On Sun, Jul 20, 2025 at 01:21:20PM +0200, Jiri Olsa wrote:

> +static bool __is_optimized(uprobe_opcode_t *insn, unsigned long vaddr)
> +{
> +     struct __packed __arch_relative_insn {
> +             u8 op;
> +             s32 raddr;
> +     } *call = (struct __arch_relative_insn *) insn;

Not something you need to clean up now I suppose, but we could do with
unifying this thing. we have a bunch of instances around.

> +
> +     if (!is_call_insn(insn))
> +             return false;
> +     return __in_uprobe_trampoline(vaddr + 5 + call->raddr);
> +}

> +void arch_uprobe_optimize(struct arch_uprobe *auprobe, unsigned long vaddr)
> +{
> +     struct mm_struct *mm = current->mm;
> +     uprobe_opcode_t insn[5];
> +
> +     /*
> +      * Do not optimize if shadow stack is enabled, the return address hijack
> +      * code in arch_uretprobe_hijack_return_addr updates wrong frame when
> +      * the entry uprobe is optimized and the shadow stack crashes the app.
> +      */
> +     if (shstk_is_enabled())
> +             return;

Kernel should be able to fix up userspace shadow stack just fine.

> +     if (!should_optimize(auprobe))
> +             return;
> +
> +     mmap_write_lock(mm);
> +
> +     /*
> +      * Check if some other thread already optimized the uprobe for us,
> +      * if it's the case just go away silently.
> +      */
> +     if (copy_from_vaddr(mm, vaddr, &insn, 5))
> +             goto unlock;
> +     if (!is_swbp_insn((uprobe_opcode_t*) &insn))
> +             goto unlock;
> +
> +     /*
> +      * If we fail to optimize the uprobe we set the fail bit so the
> +      * above should_optimize will fail from now on.
> +      */
> +     if (__arch_uprobe_optimize(auprobe, mm, vaddr))
> +             set_bit(ARCH_UPROBE_FLAG_OPTIMIZE_FAIL, &auprobe->flags);
> +
> +unlock:
> +     mmap_write_unlock(mm);
> +}
> +
> +static bool can_optimize(struct arch_uprobe *auprobe, unsigned long vaddr)
> +{
> +     if (memcmp(&auprobe->insn, x86_nops[5], 5))
> +             return false;
> +     /* We can't do cross page atomic writes yet. */
> +     return PAGE_SIZE - (vaddr & ~PAGE_MASK) >= 5;
> +}

This seems needlessly restrictive.

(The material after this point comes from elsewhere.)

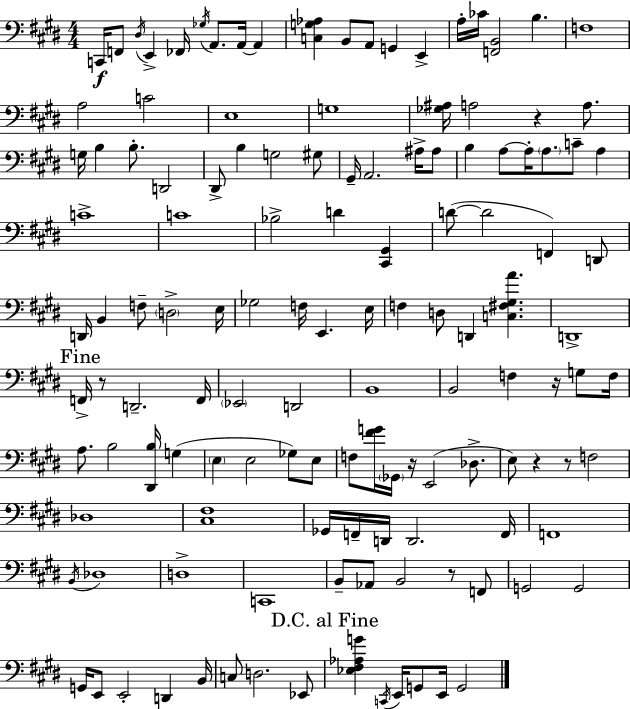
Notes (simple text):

C2/s F2/e D#3/s E2/q FES2/s Gb3/s A2/e. A2/s A2/q [C3,G3,Ab3]/q B2/e A2/e G2/q E2/q A3/s CES4/s [F2,B2]/h B3/q. F3/w A3/h C4/h E3/w G3/w [Gb3,A#3]/s A3/h R/q A3/e. G3/s B3/q B3/e. D2/h D#2/e B3/q G3/h G#3/e G#2/s A2/h. A#3/s A#3/e B3/q A3/e A3/s A3/e. C4/e A3/q C4/w C4/w Bb3/h D4/q [C#2,G#2]/q D4/e D4/h F2/q D2/e D2/s B2/q F3/e D3/h E3/s Gb3/h F3/s E2/q. E3/s F3/q D3/e D2/q [C3,F#3,G#3,A4]/q. D2/w F2/s R/e D2/h. F2/s Eb2/h D2/h B2/w B2/h F3/q R/s G3/e F3/s A3/e. B3/h [D#2,B3]/s G3/q E3/q E3/h Gb3/e E3/e F3/e [F#4,G4]/s Gb2/s R/s E2/h Db3/e. E3/e R/q R/e F3/h Db3/w [C#3,F#3]/w Gb2/s F2/s D2/s D2/h. F2/s F2/w B2/s Db3/w D3/w C2/w B2/e Ab2/e B2/h R/e F2/e G2/h G2/h G2/s E2/e E2/h D2/q B2/s C3/e D3/h. Eb2/e [Eb3,F#3,Ab3,G4]/q C2/s E2/s G2/e E2/s G2/h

Something like:

is_nop5(const char *buf)
{
        struct insn insn;

        ret = insn_decode_kernel(&insn, buf)
        if (ret < 0)
                return false;

        if (insn.length != 5)
                return false;

        if (insn.opcode[0] != 0x0f ||
            insn.opcode[1] != 0x1f)
                return false;

        return true;
}

Should do I suppose. Anyway, I think something like:

  f0 0f 1f 44 00 00     lock nopl 0(%eax, %eax, 1)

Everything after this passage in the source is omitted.